Ah, the annual conundrum of the office Cinco de Mayo party: not loving the racism, but REALLY loving the nachos. #ConscientiousGuacamole
Emailing a friend who’s been to this bar with me a bunch of times…
“This guy’s OkCupid profile says he owns a ‘craft beer and whiskey bar in Philadelphia.’
[screenshot pic of guy wearing bar-branded t-shirt]
“DUDE. Will fuck for whiskey and nachos!”
I saw a shirt online that said “Ask me about my radical feminist agenda,” and I think I need it, mostly because if anyone actually asked, I’d probably just say “Nachos.”
I guess maybe “nacho equality.” Like, “I want 100% nachos, not 78% or whatever it is. I want as many nachos as a man. And extra cheese. For, um…restitution or whatever.”
I had far too many feelings yesterday resulting from being social, so of course now that I have a free day to myself, as soon as I woke up they all came rushing back, and it was like a team of squirrels took over my brain and started playing emotional volleyball — “Sad about this!” *pass* “Insecure about that!” *pass* “Oh, hey, what about having kids, wanna rehash that one?” *pass*
Right. So I’ll be here all day with a slow drip of coffee martinis, watching comfort movies. I dare you to be sad when Justin Timberlake is serenading Mila Kunis with Kris Kross’s “Jump.” (Plus…dat ass.)
Or, hell, this seems like a pretty solid state of mind to finally go see
Inside Out and just embrace it all. (Obviously with a venti spiked Starbucks and a big fuck-off tray of theater nachos. That’s just being prepared; I learned that shit in Girl Scouts.)
Note to self: Go to yoga. You like yoga. You need yoga.
Ahem… I SUPER don’t want to go. It’s “New Moon yoga” at 7:45, but because I am 100 years old, that might as well be midnight.
Can’t I just welcome the new moon, like, at home in yoga PANTS?
Besides, the new moon already happened this month, and I honestly don’t even know what a new moon signifies.
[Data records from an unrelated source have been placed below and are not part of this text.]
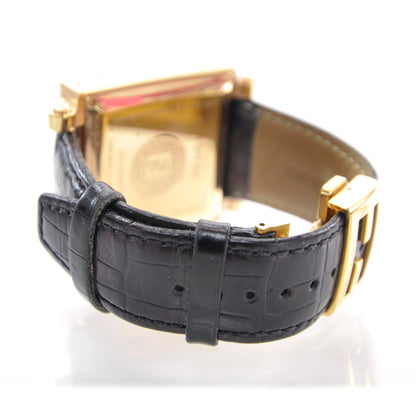 Fendi Stainless Steel Ceramic Calfskin Diamond 39mm Quadro Quartz Watch Black 7 of 8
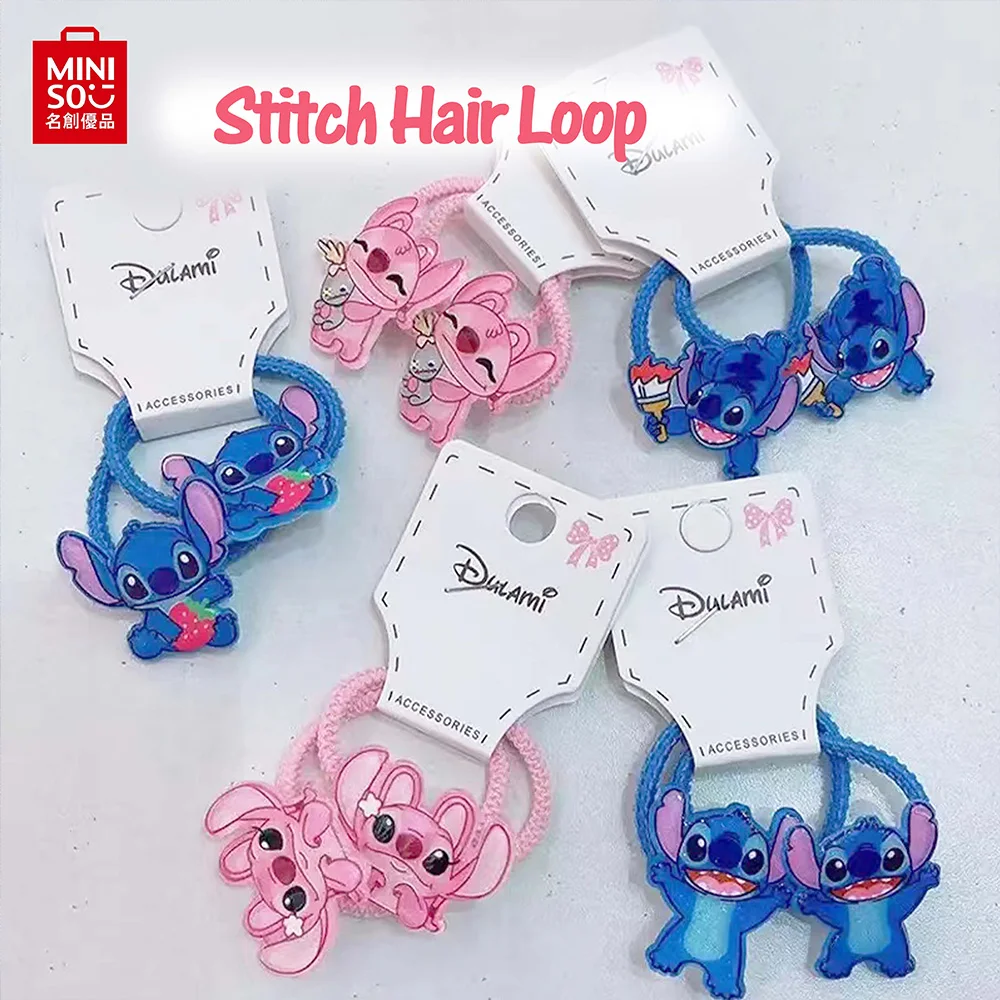 Disney Anime Lilo & Stitch Hairpin Lovely Cartoon Rubber Band Hair Accessoires Girl Trendy Fashion Accessories Birthday Gifts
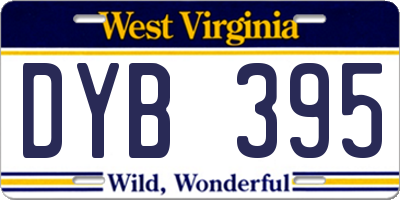 WV license plate DYB395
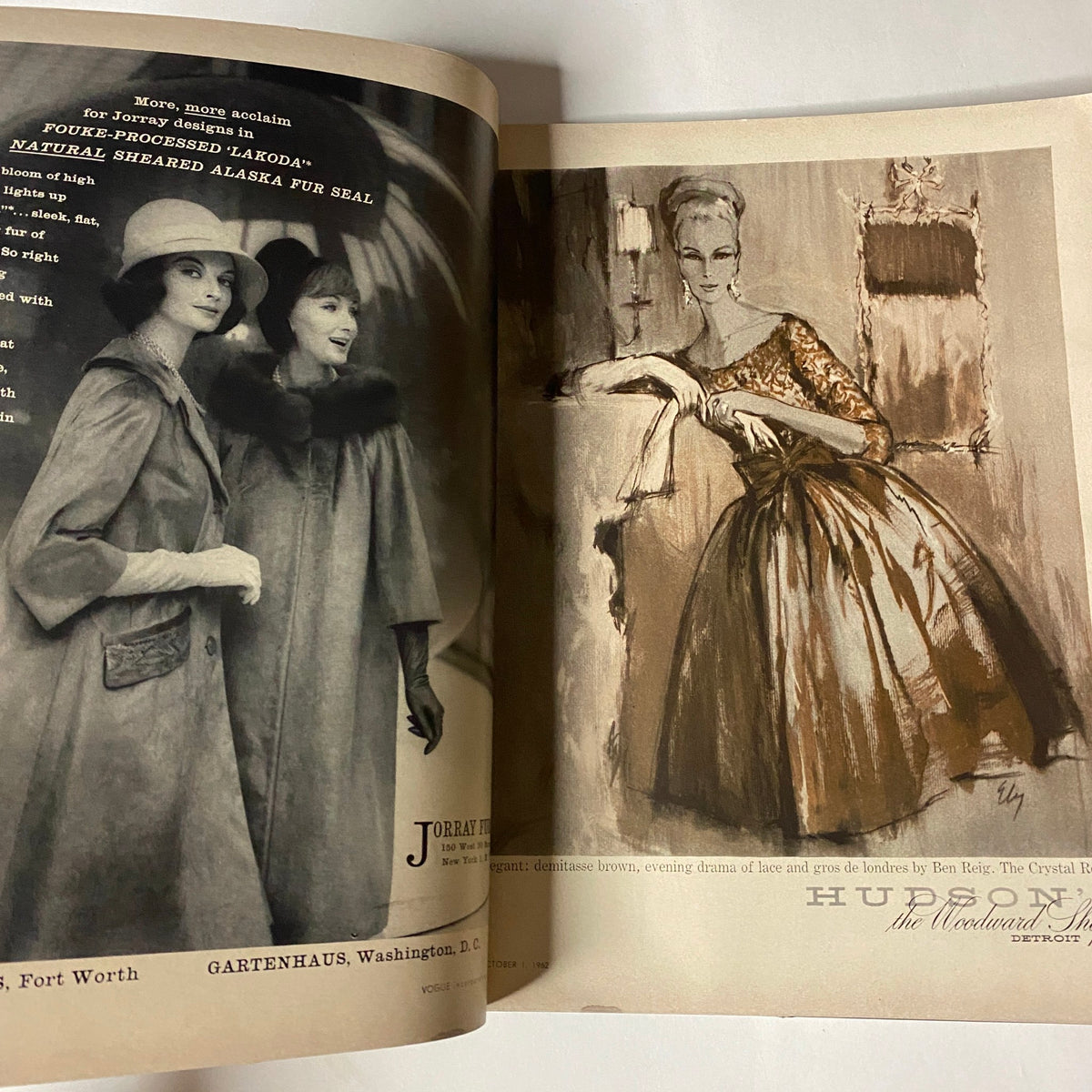 Vogue Magazine October 1, 1962 Tilly Tizzani Cover by Bert Stern featuring elegant models in luxurious coats, embodying early 1960s glamour and fashion. Vintage advertisement for Hudson fur artisans and evening fashion.
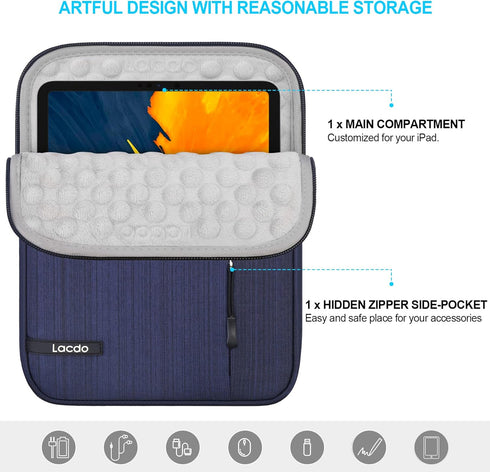 Lacdo Tablet Sleeve Case for 11 inch iPad A16 | 11 inch iPad Air M3 M2 | 11" iPad Pro M4 | 10.9" iPad | 10.2" iPad | 10.9" ipad Air | 10.5" iPad P...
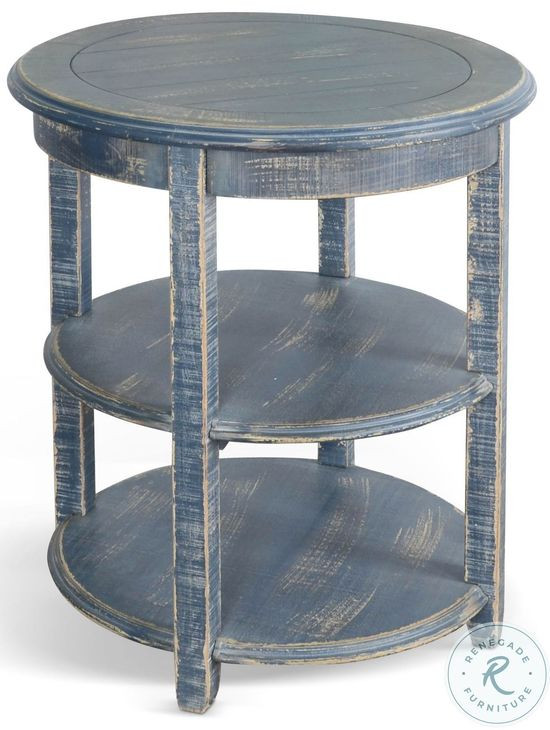 Seabright Blue Round Side Table
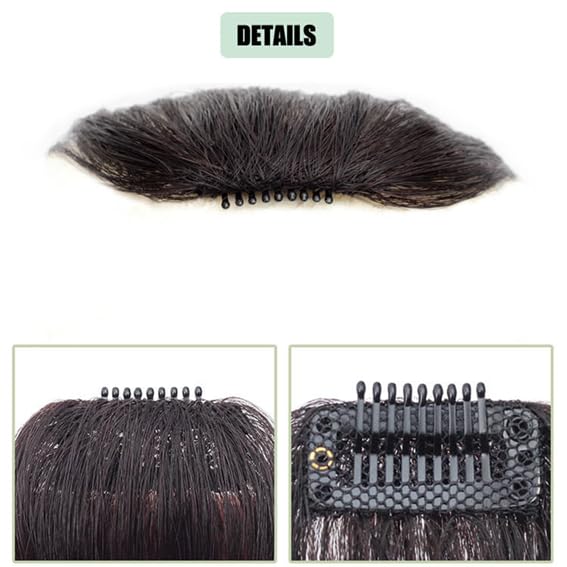 Flequillo con clip, extensiones de cabello 100% humano con clip, flequillo con fleco con red agradable y plano natural, flequillo ordenado con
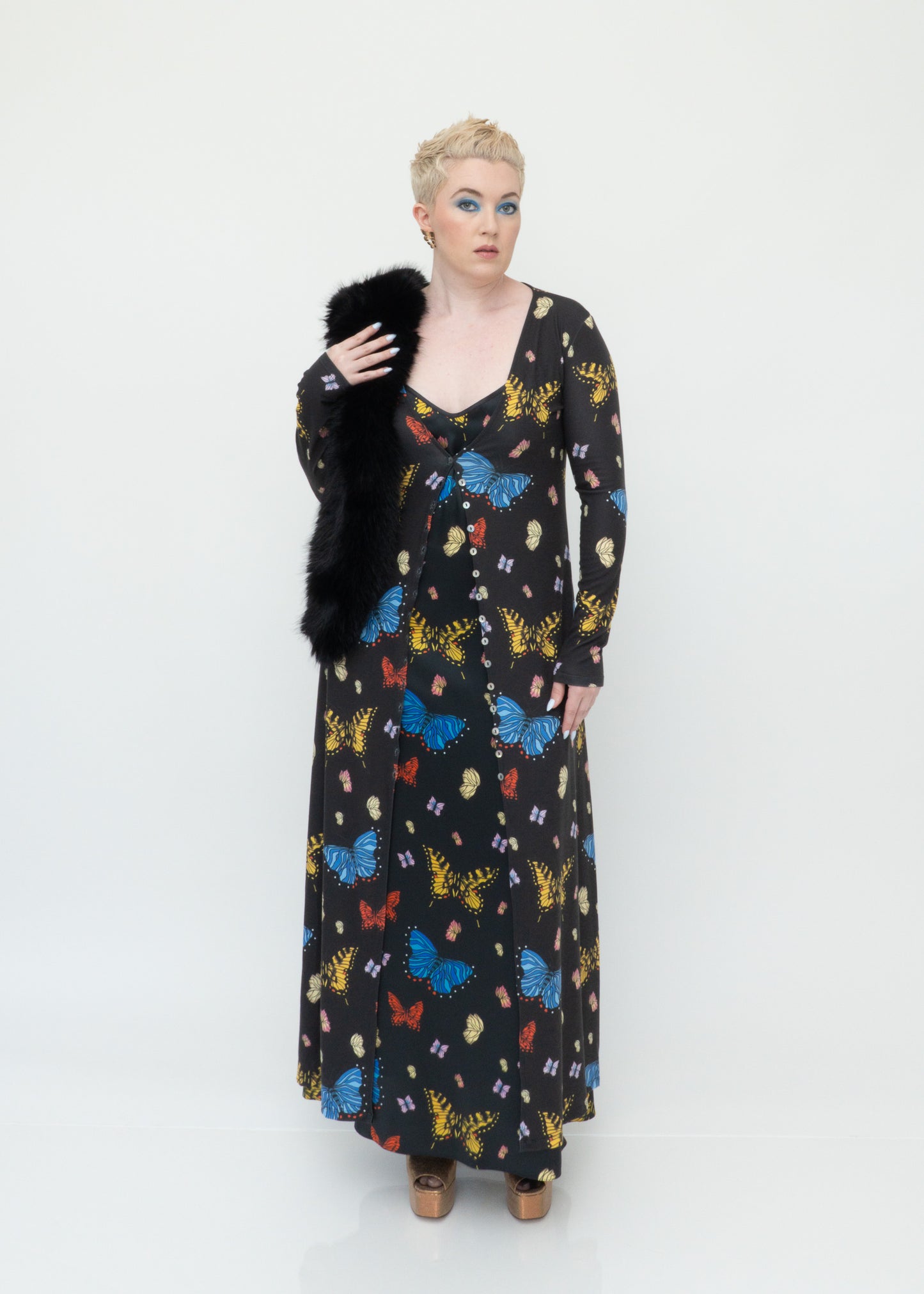 Butterflies Silk Maxi Slip Dress - Black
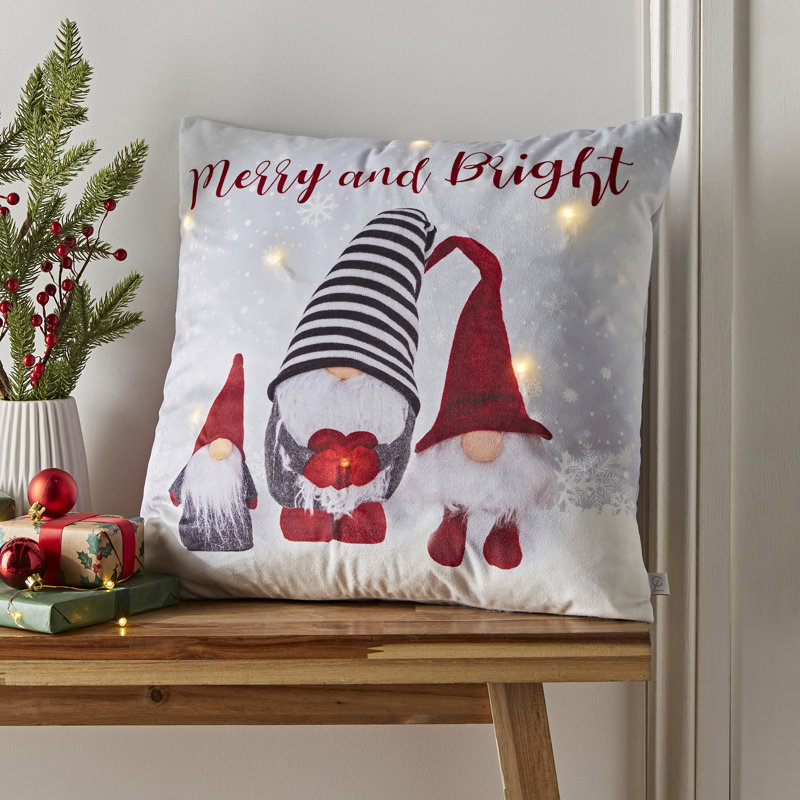 Christmas Merry And Bright Gonks Light Up Cushion Cover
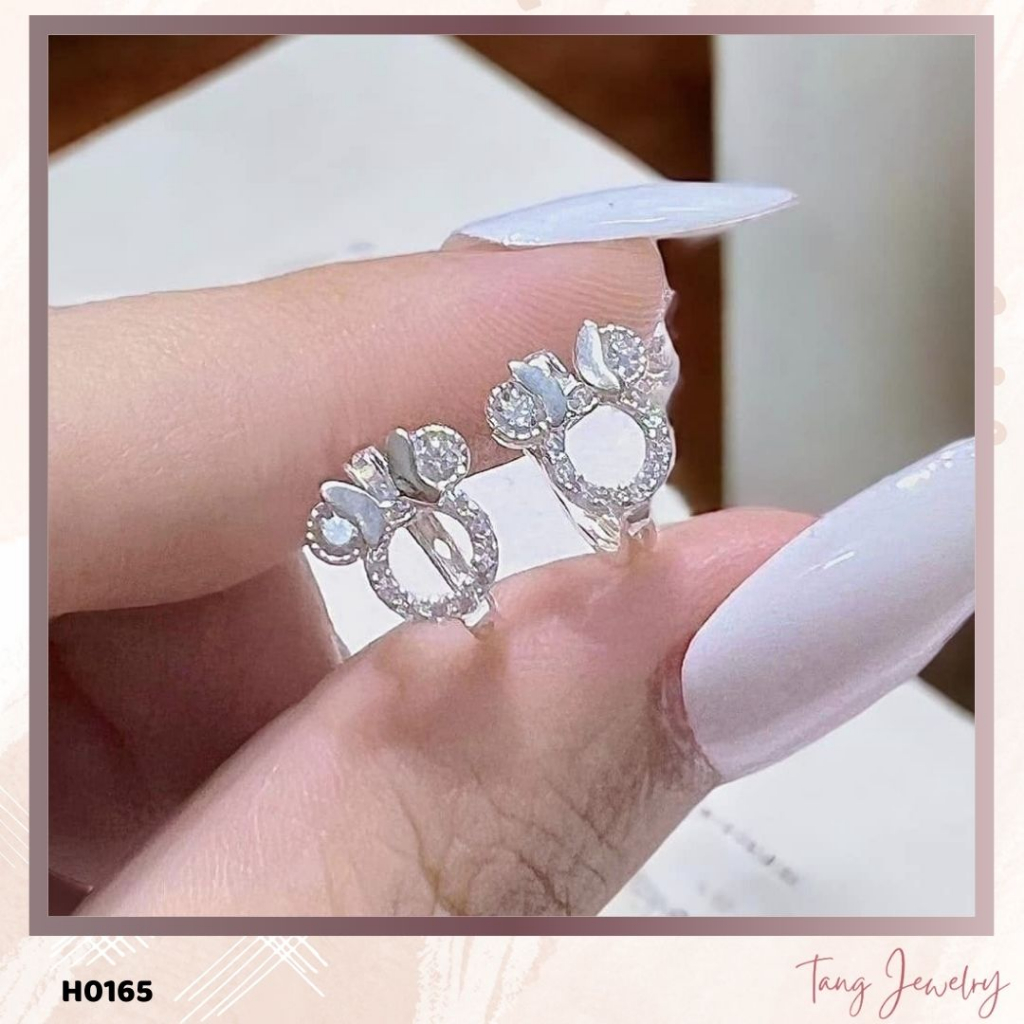 TANG H0165 - Bông tai/Khuyên tai tròn bạc hình chuột Mickey đeo nơ dành cho bé gái
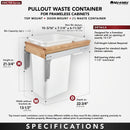 REV A SHELF : Wood Top Mount Pullout Single Waste Container For Full-Height Cabinets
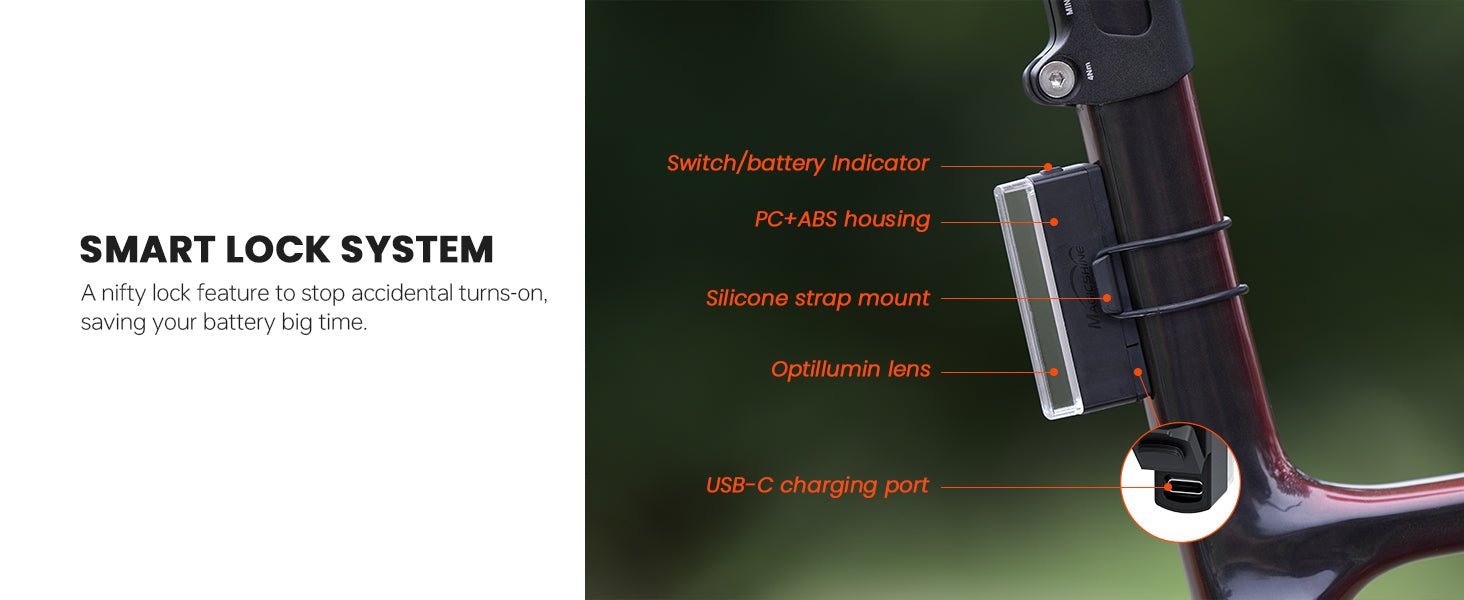 Magicshine Tail Light SEEMEE 50 V2.0, Rear Bike Light with USB C Rechargeable, 50 Lumen IPX6 Waterproof Bicycle Tail Lights for Night Riding, Smart Cycling Safety Bike Taillights | Backcountry Sportsman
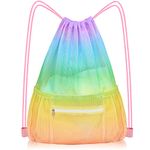 Mesh Drawstring Bag with Zipper Pocket, Beach Bag for Swimming Gear Backpack Gym Storage Bag for Adult Kids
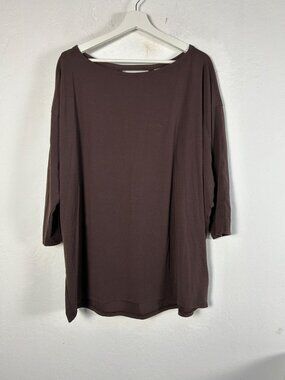 Athleta Women’s Brown Boat Neck Tunic Top 1X Stretch 3/4 Dolman Sleeve Casual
I know it’s about cycles, so…does it have to do with my period? When you Google “new moon,” “Twilight” movies come up, so fuck the new moon.
How ’bout I just go home and make new moon nachos? Nachos are HELLA zen. I bet I can find all my inner peace with nachos.
Headline: “Khloe Kardashian’s abs are the inspiration you need to make it to the gym today.”
I don’t have strong feelings about Adam Levine either way, but I laughed a lot reading this article: Adam Levine is Not the Sexiest Man Alive. Adam Levine is the Worst.
Also, forget celebrities — the “sexiest man alive” is whichever man is making me come and then making me snacks. I’m starting my own magazine for sexy men. I just need a name. What’s a shorter version of “He’ll go down on you ’til you’re a mere shell of your former self, and then he’ll make you nachos?”
Macho Nachos magazine? (Crotchos would just be vulgar.)
Culinary COMEfort magazine? (
You could do Cumfort, but I’ve always hated that spelling.)
Eat Allllll the Things (Including Me!) magazine?